I set myself to wait enjoying the few minutes of alone time. Then suddenly, the fellow I had spoken to, the only other person in the area who would be ticking the same age range on forms and surveys that I would tick, appeared beside me. I hadn’t seen him coming. In his had was a plastic up full of ice water. He said, “I thought you might like this.” I watched him set it down gently beside me, I turned to him and said, “What a nice man you are.” He smiled and went back to his job.
I am not a person that people do nice things for. I am a person, stared at, pointed at, joked about and, often purposely, hurt. My size and my chair makes me a sweet target for bitter people. I was, momentarily stunned that a kind act, an act that recognized me as a fellow human, had happened, openly, in public. Giving me ice water was something he did because he wanted to, it’s not something that was in a job description, beyond a vague ‘treat customers with respect’ kind of statement. This wasn’t about doing his job this was about expressing his character. By then, there in Universal Studio’s theme park, we had seen lots of people dressed up in character, this guy though, he HAD character. Let’s face it, I was hot and tired and on vacation, he’d have been hot and tired and working – there’s a difference. I say it again, “What a nice man.”

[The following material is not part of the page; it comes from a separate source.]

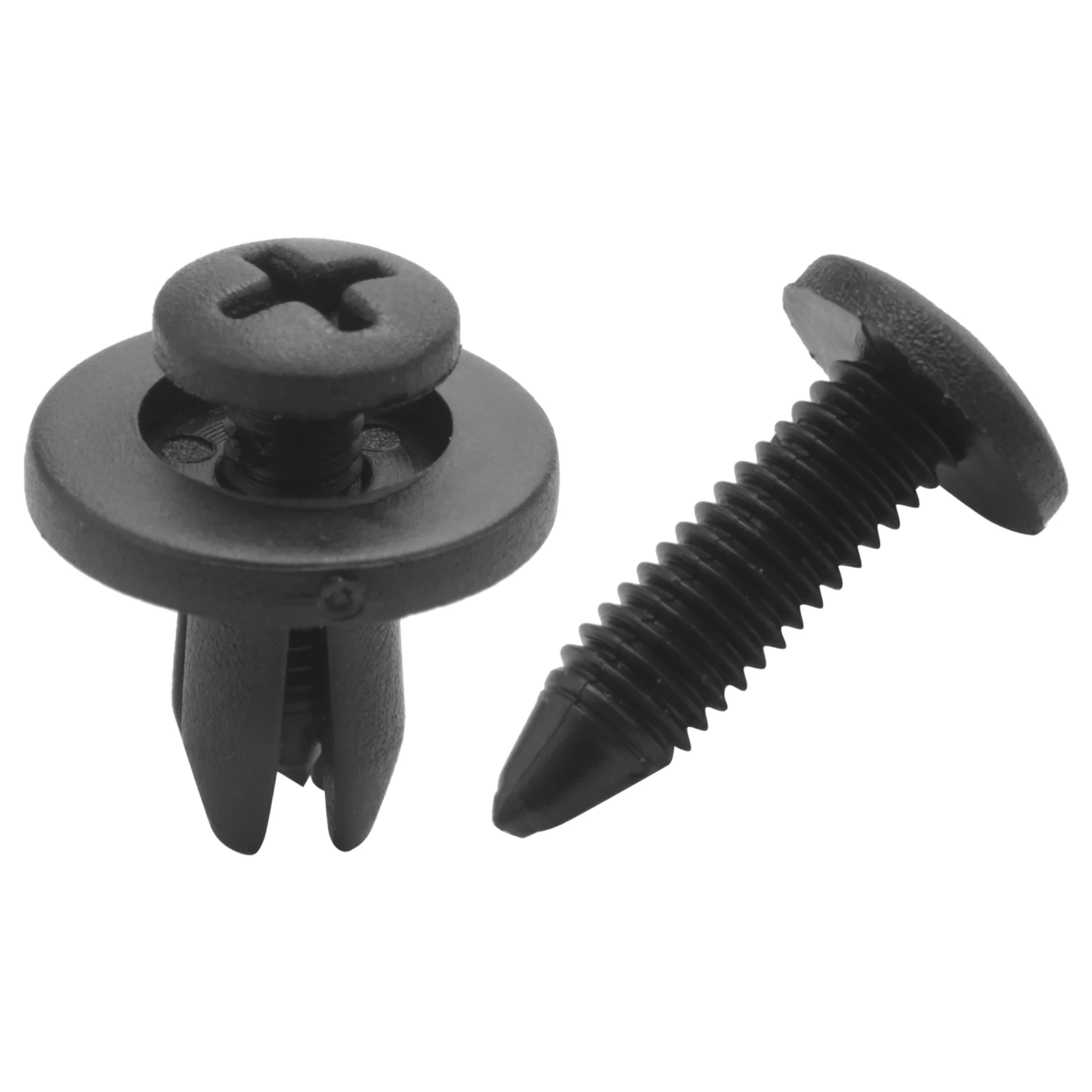 50pcs 6mm Plastic Push Type Rivet Bumper Pin Clips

When Marissa got back from the taco truck, long before Joe and Ruby would arrive with the veggie burger, we chatted about what happened. As as things do, because we both work with people with disabilities, we came round to talking about service provision in our field. We spoke about the difference between people who do what the job descriptions says, and then the people who do the same things but because of who they are and how they are, they do that little bit more, the unnecessary but desperately needed. It’s a wonderful thing to be able to bring the best of you to work and give it the opportunity to express, without words but with incredible impact, who you are.
Years from now, I will have forgotten various bits of this visit to Universal Studios. But I will remember the kind old guy and the glass of cold water. Kindness, unexpected, almost always winds up as memory, doesn’t it?